== Task prompt ==
At the line containing "a glass table", begin an exact copy, and continue through the last line of the entries below. Leave out any pictures.

Web page caption snippets:
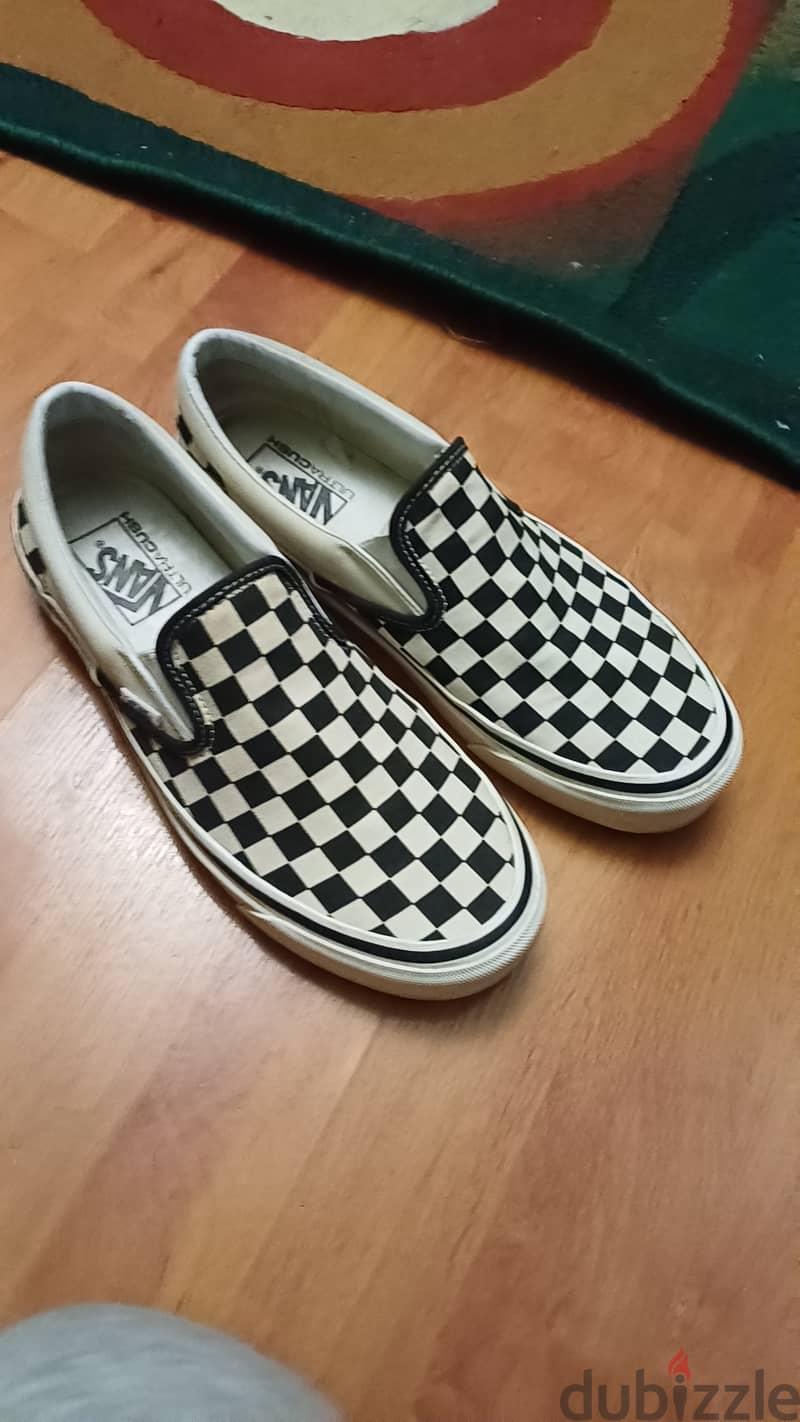 Vans black and white checkered shoes 6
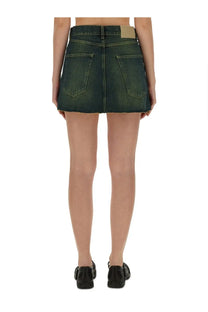 Back view of our legacy women’s malibu cover skirt green dark green denim mini skirt with two back pockets and tan label
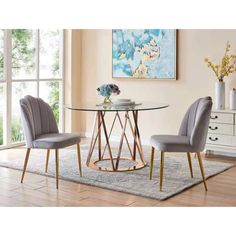 a glass table with two black chairs in front of it and a white rug on the floor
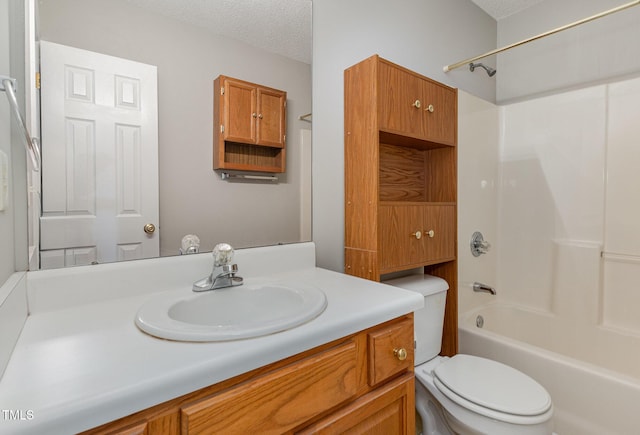 full bathroom featuring shower / bathing tub combination, vanity, toilet, and a textured ceiling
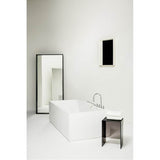 Freestanding bathtub, made of Sentec solid surface, with tap bank on left-hand side, with slotted overflow/front overflow, with lifting system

== Result for this exercise ==
 a glass table with two black chairs in front of it and a white rug on the floor
 full bathroom featuring shower / bathing tub combination, vanity, toilet, and a textured ceiling
 Freestanding bathtub, made of Sentec solid surface, with tap bank on left-hand side, with slotted overflow/front overflow, with lifting system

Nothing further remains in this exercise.